On 8/9/05, Torkel Franzen <***> wrote:

> Thus, suppose we define a set A of natural numbers by
>
>   k is in A if and only if k is in every set of natural numbers
>   that contains 5 and is closed under the operation x->x+8.
>
> Since we are here defining A by quantifying over a collection of sets
> containing A, the definition is impredicative. You will notice that
> there is no self-application here, no set of all sets or anything
> of the kind.

However, we will also notice that the set A already existed before
this definition was given.  So in some sense, the definition does
nothing but pick out the set.   I think the sort of thing people
are concerned about here will involve a different sort of
"definition" akin more to a "construction" in which the
definition in some sense has the power to "bring into being",
rather than just "pick out", the pre-existing object in question.

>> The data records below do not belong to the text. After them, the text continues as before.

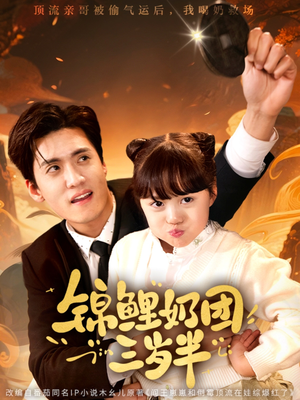 锦鲤奶团三岁半(76集) 锦鲤奶团三岁半(76集)最新上映的短剧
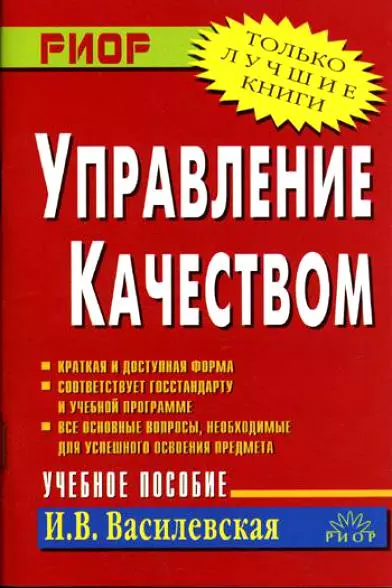 Василевская И.В. - Управление качеством: учебное пособие. 2е изд.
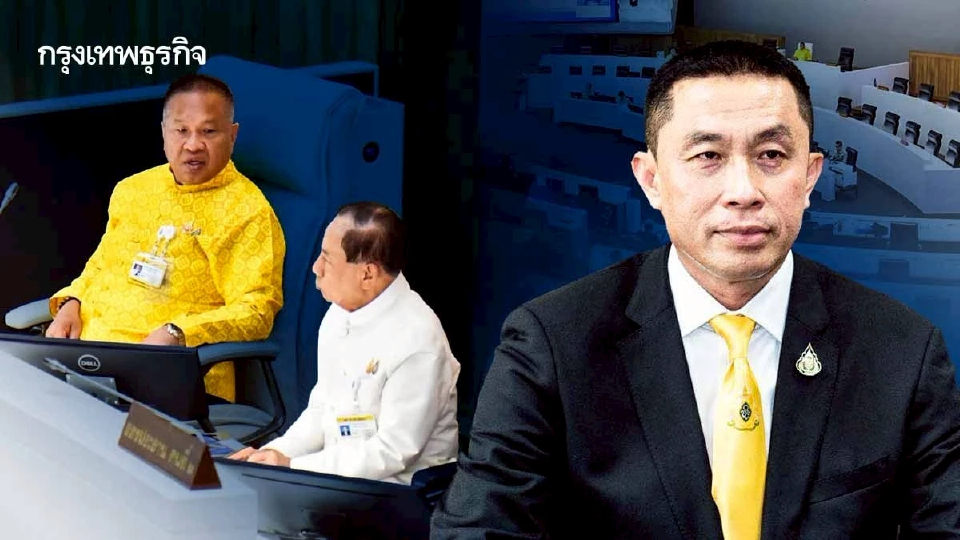 ปล่อยผีฮั้ว สว.-หุ้น ‘ศักดิ์สยาม’ องค์กร(ไม่)อิสระ ใต้ ‘น้ำเงิน’?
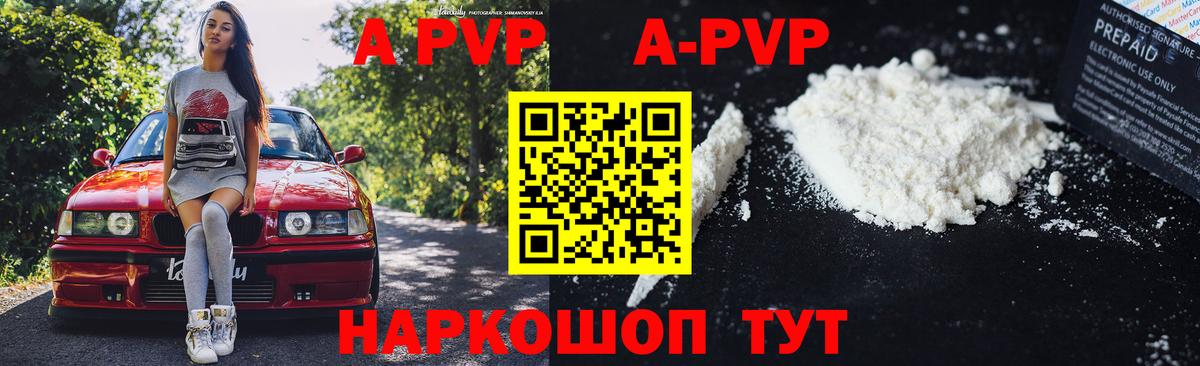 А ПВП крисы CK  где купить наркоту  Alpha-PVP крисы CK  Вход с VPN  Энгельс  Alfa_PVP кристаллы 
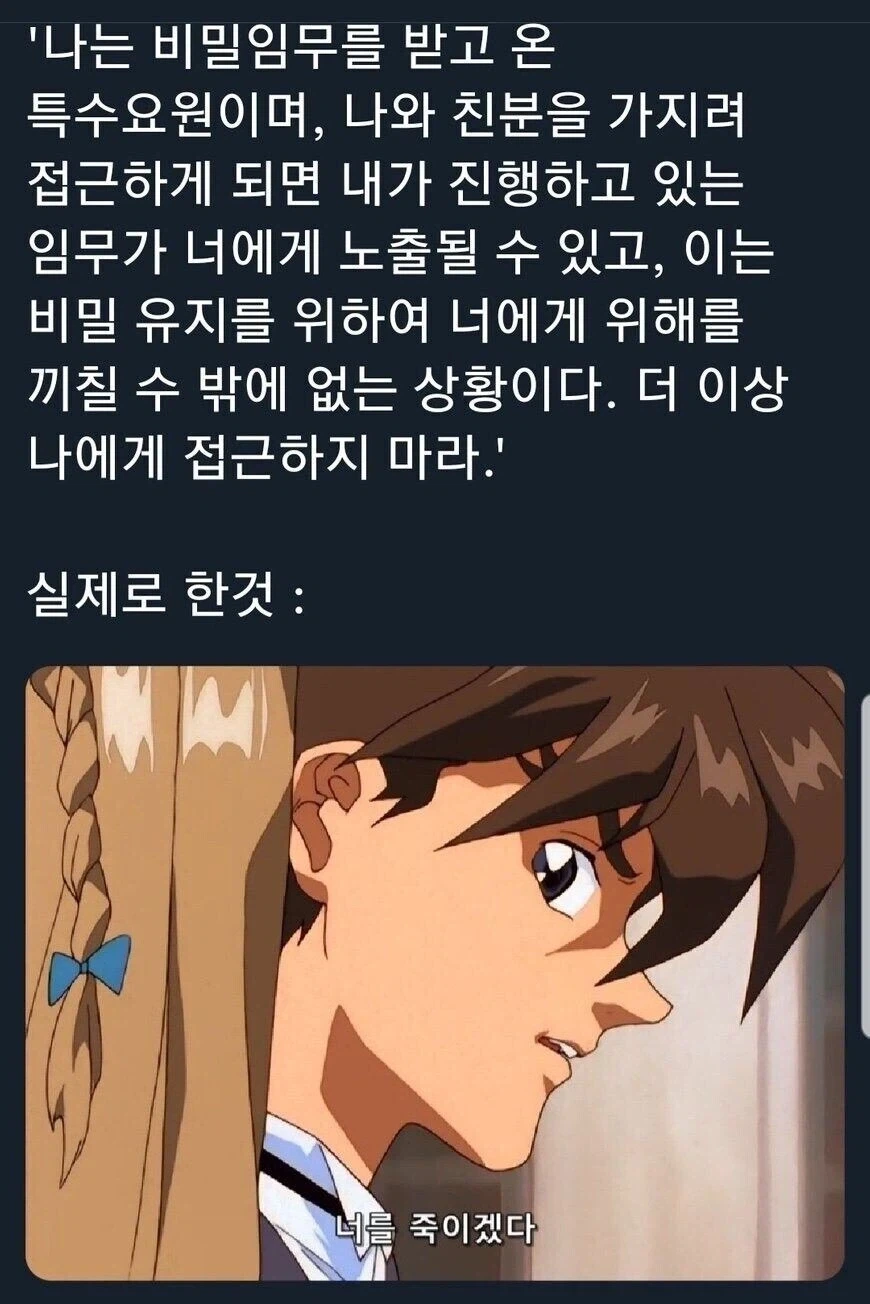 건담과 프리큐어의 공통점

> In this case, A can also be defined by a purely arithmetical condition
> (illustrating that impredicativity is not a property of objects, but of
> definitions).

But this does seem to suggest a natural definition of impredicative
object: one all of whose definitions are impredicative.
Although perhaps that definition then has no instances?

> >Perhaps, then we can get back to
> >RR and his claim that "organisms are full of such impredicativities".
>
> That's a different matter. I suspect that Rosen's reference to
> "impredicativities" is best understood as loosely based on some
> perceived analogy with (what he took to be) the logical usage, so that
> studying impredicativity in the sense that the term is actually used in
> logic and philosophy is of no help in understanding his writings.

Is there any possibility that Rosen's use of "impredicativity" can be
made at all precise?  Surely there is more to it than loose analogy?